Data section —
——————————

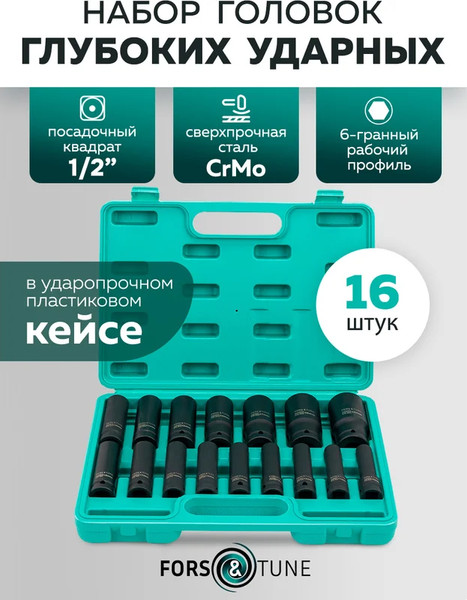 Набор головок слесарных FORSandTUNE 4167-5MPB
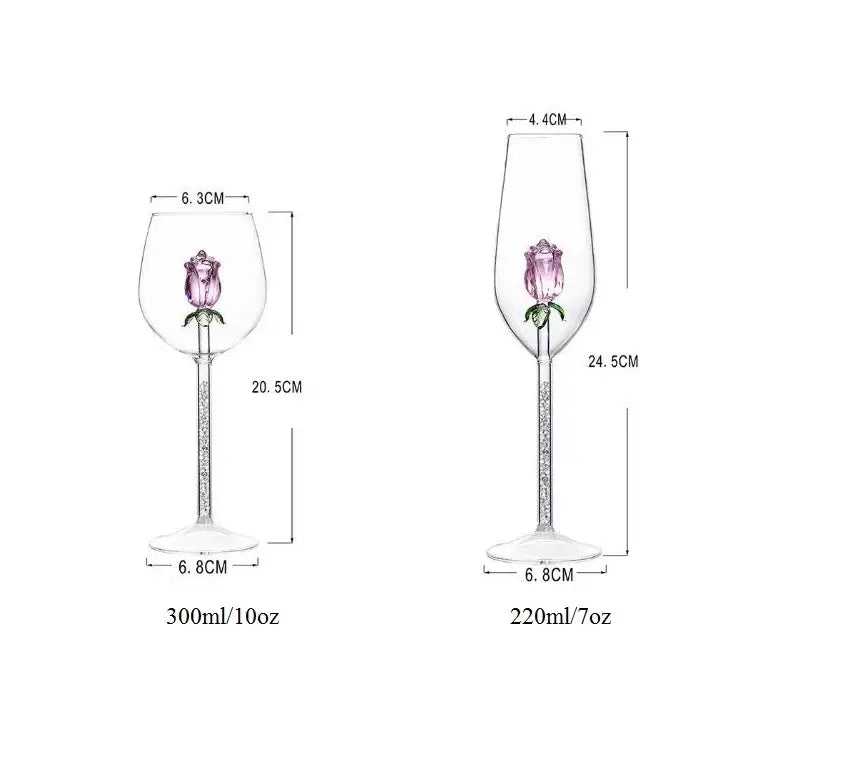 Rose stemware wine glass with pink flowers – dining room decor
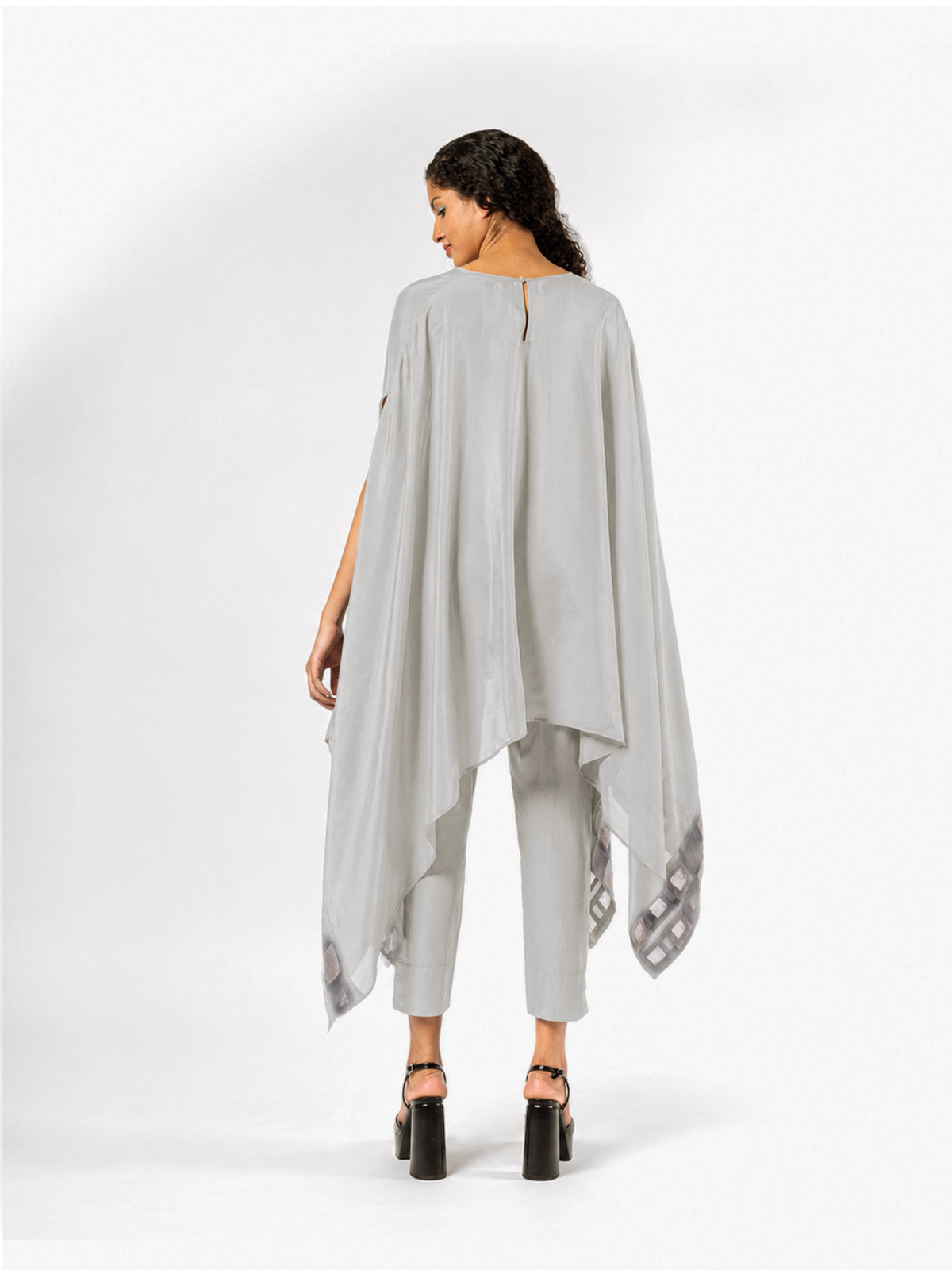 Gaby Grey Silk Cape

——————————

Task brief — Nothing but the lines from the one containing "Rose stemware wine" through the last line of the data should appear in the answer, copied exactly, with pictures excluded.

Solution below —
 Rose stemware wine glass with pink flowers – dining room decor
 Gaby Grey Silk Cape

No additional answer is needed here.